Ad stacking is a form of mobile ad fraud that involves taking users who have clicked on an ad through a series of other ads that they don’t see but still register as “clicks.” Even if you don’t knowingly engage with a fraudulent publisher, one could claim that they did get engagement and require payment. 

This means unscrupulous ad clicks are laundered through legitimate impressions. Similarly, a fraudster could claim an ad has been provided when because of the other ads layered over the top it was only partly visible. 

Background ads  

It is generally thought that Android phones are more vulnerable to ad fraud than Apple devices – adding more fire to the Apple vs Android debate. That’s because Android is open-source software for different manufacturers to use and because Apple has a fairly strict approval system for getting an app published on the App Store.  

App spoofing 

This is “mobile cousin” of domain spoofing, a form of desktop browser ad fraud, according to Campaign magazine. 
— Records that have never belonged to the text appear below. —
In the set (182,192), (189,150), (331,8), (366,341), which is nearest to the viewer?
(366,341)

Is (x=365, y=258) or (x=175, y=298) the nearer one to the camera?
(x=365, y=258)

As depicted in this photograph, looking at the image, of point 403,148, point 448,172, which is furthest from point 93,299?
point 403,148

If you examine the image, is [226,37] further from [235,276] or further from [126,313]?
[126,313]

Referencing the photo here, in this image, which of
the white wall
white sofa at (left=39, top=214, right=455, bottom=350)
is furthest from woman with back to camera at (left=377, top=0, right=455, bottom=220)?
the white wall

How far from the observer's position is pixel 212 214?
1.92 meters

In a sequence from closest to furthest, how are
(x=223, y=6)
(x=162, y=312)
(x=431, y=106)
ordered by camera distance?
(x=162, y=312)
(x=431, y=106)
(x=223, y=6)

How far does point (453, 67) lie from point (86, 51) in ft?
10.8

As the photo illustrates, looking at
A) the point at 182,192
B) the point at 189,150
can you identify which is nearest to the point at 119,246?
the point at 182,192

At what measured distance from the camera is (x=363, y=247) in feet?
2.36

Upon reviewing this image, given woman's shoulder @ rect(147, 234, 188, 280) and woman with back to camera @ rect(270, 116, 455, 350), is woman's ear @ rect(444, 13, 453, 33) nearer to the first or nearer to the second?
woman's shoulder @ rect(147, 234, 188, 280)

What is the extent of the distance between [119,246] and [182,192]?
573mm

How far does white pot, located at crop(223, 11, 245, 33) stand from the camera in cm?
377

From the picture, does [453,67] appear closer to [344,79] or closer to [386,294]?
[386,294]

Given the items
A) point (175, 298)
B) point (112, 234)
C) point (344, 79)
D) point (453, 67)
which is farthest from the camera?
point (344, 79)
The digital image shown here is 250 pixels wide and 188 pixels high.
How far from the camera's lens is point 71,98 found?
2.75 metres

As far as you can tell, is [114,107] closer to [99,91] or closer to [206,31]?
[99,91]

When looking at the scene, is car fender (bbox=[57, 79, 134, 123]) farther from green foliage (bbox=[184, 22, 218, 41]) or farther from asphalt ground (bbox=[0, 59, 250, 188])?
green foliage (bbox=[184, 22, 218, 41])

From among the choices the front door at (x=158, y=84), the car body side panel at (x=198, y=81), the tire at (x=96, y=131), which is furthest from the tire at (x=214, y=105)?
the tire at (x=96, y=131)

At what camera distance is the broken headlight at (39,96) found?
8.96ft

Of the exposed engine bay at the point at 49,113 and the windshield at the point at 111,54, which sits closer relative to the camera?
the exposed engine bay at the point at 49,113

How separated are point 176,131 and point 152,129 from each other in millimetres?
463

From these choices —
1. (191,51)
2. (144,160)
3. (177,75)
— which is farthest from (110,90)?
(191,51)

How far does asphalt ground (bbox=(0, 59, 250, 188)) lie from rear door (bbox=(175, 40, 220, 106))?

But rather than creating an impression from a fake URL (pretending to be from a premium site for ads to feature on) the mobile version sends a fake bundled ID from a fraudulent app. It makes the ad impression register as one that has come from a premium app, when it fact, it has not.  

It works in the same way as domain spoofing – and means that the ad impression could actually be coming from a brand unsafe source but leads to brands and advertisers coughing up payment for a premium ad.  

What are the costs? 

The U.S.-based ad data measurement company Integral Ad Science confirms the high costs of ad fraud. Their media quality report from 2018 states that while estimates of the cost vary, each estimate is in the billions of dollars. 

Consequently, 36.8% of brand advertisers and 45.3% of agencies told them they planned to prioritize ad fraud mitigation.  

Integral Ad Science tracked the difference in performance between results that hadn’t been optimized for ad fraud, and those that had. They found that the benchmarks for conversion were far lower (10x lower) for mobile ad display that had been optimized for ad fraud, compared to those that hadn’t. 

Combatting mobile ad fraud is a bit like a game of cat and mouse — one that affects the work of app developers, brands and digital marketers alike who all want to see real ROI. But with the right tools for staying ahead, its influence can be minimized.